And You Know The Land Is Great Security
By Jimmy Coakley, Storyteller and Local Historian, born Tooreen, 1915.
“That time on the peninsula the farmers tilled every inch of land, up to the very ditch, they couldn’t afford to leave anything untilled, God help us how they managed it, I don’t know. But anyway, every one kept about thirty hens and on one day of the week they brought the hand basket away, and in the summertime they wouldn’t go if they didn’t have ten dozen eggs to sell.
There was a girl living near here; she was about 35 years of age, and at that time, 1922, she was considered a young girl.

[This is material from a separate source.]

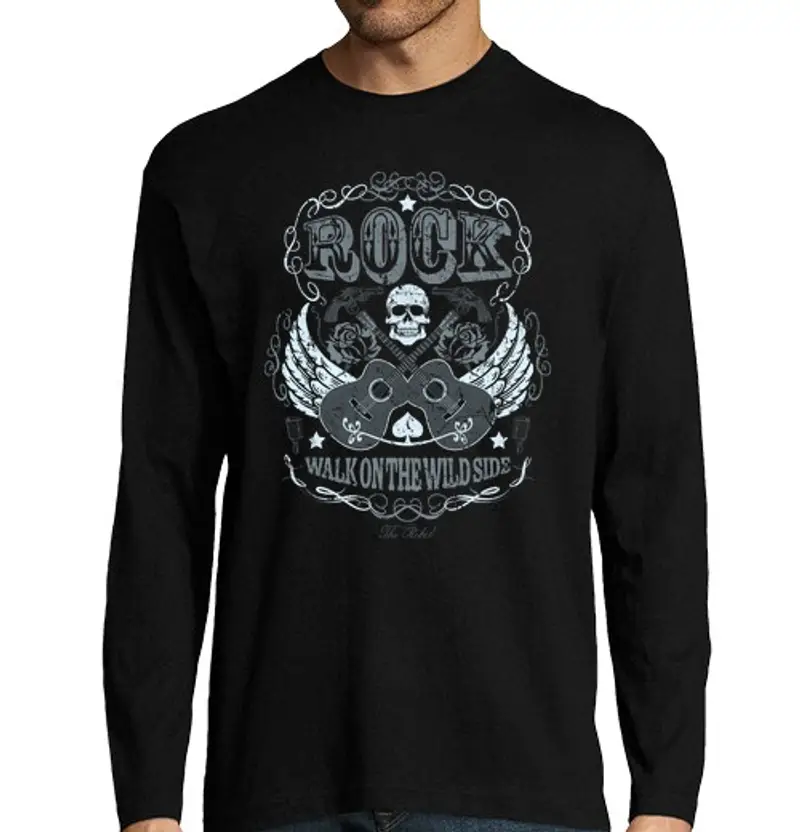 Tostadora T-shirt Uomo 1454337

Danny was a bachelor nearby, and he’d be watching her, and on this particular day she arrived and she put her handbasket of eggs up on the ditch . Danny’d come down to her, and he came inside and he put his foot up on a ol’ lump of earth to reach over and give her a kiss. And when he did and leaned over, the bit of earth gave from under his shoe, and the result was he fell and his elbow went into the basket of eggs. And, of course, he got no kiss, but only a slap across the face. She went off very vexed with herself and all her eggs destroyed, ready to kill him.
She then met this young fella coming along on a motorbike. And a motorbike at that time, you’d take more interest in it than if it was a jumbo jet coming along here today. He was a young sergeant in the Guards, he came to Kilcrohane when the barracks there was opened in 1922, with the rank of sergeant because he had a bit of education. He was Dublin boy, and he was mad for information, very busy.
When he saw her he stopped the motorbike and started talking to her and asked her name and all that. He asked her was she married and she said no, and he said why? The she said she didn’t know, she was only 35 years of age. So he said, have you anyone in mind?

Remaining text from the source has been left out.